Before a table with the remains of dinner, and before a fire made of green wood which smoked, Napoleon was seated in a clumsy chair. His muddy boots gave evidence of a long tramp across country. He had taken off the famous top-coat; and his equally famous green uniform, crossed by the red cordon of the Legion of honor and heightened by the white of his kerseymere breeches and of his waistcoat, brought out vividly his pale and terrible Caesarian face. One hand was on a map which lay unfolded on his knees. Berthier stood near him in the brilliant uniform of the vice-constable of the Empire. Constant, the valet, was offering the Emperor his coffee from a tray.
“What do you want?” said Napoleon, with a show of roughness, darting his eye like a flash through Laurence’s head. “You are no longer afraid to speak to me before the battle?
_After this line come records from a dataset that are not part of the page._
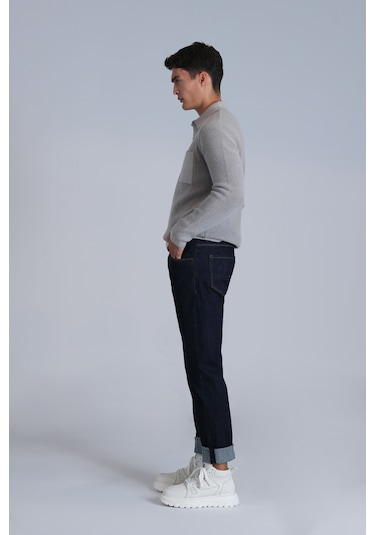 Lufian Rıver Erkek Kazak Vizon Vizon 112090142100430 Vizon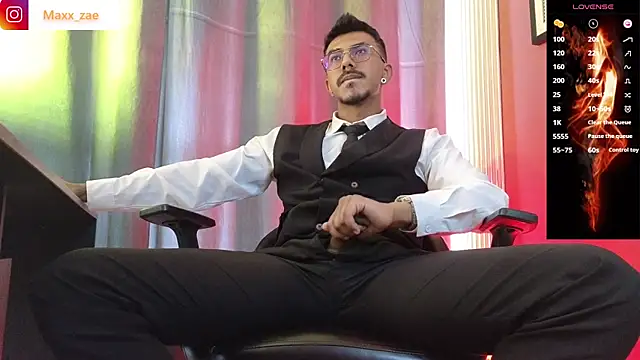 Latinmoster_boss webcam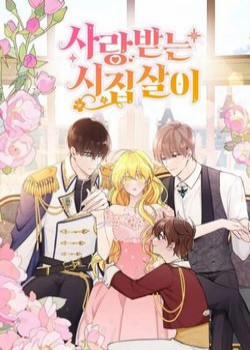 Đọc truyện tranh Cuộc Sống Hạnh Phúc Cùng Chồng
What is it about?”
“Sire,” she said, looking at him with as firm an eye, “I am Mademoiselle de Cinq-Cygne.”
“Well?” he replied, in an angry voice, thinking her look braved him.
“Do you not understand? I am the Comtesse de Cinq-Cygne, come to ask mercy,” she said, falling on her knees and holding out to him the petition drawn up by Talleyrand, endorsed by the Empress, by Cambaceres and by Malin.
The Emperor raised her graciously, and said with a keen look: “Have you come to your senses? Do you now understand what the French Empire is and must be?”
“Ah! at this moment I understand only the Emperor,” she said, vanquished by the kindly manner with which the man of destiny had said the words that foretold to her ears success.
“Are they innocent?” asked the Emperor.
“Yes, all of them,” she said with enthusiasm.
“All? No, that bailiff is a dangerous man, who would have killed my senator without taking your advice.”
“Ah, Sire,” she said, “if you had a friend devoted to you, would you abandon him? Would you not rather—”
“You are a woman,” he said, interrupting her in a faint tone of ridicule.
“And you, a man of iron!” she replied with a passionate sternness which pleased him.
“That man has been condemned to death by the laws of his country,” he continued.
“But he is innocent!”
“Child!” he said.
He took Mademoiselle de Cinq-Cygne by the hand and led her from the hut to the plateau.
“See,” he continued, with that eloquence of his which changed even cowards to brave men, “see those three hundred thousand men—all innocent. And yet to-morrow thirty thousand of them will be lying dead, dead for their country! Among those Prussians there is, perhaps, some great mathematician, a man of genius, an idealist, who will be mown down. On our side we shall assuredly lose many a great man never known to fame. Perhaps even I shall see my best friend die. Shall I blame God? No. I shall bear it silently. Learn from this, mademoiselle, that a man must die for the laws of his country just as men die here for her glory.” So saying, he led her back into the hut. “Return to France,” he said, looking at the marquis; “my orders shall follow you.”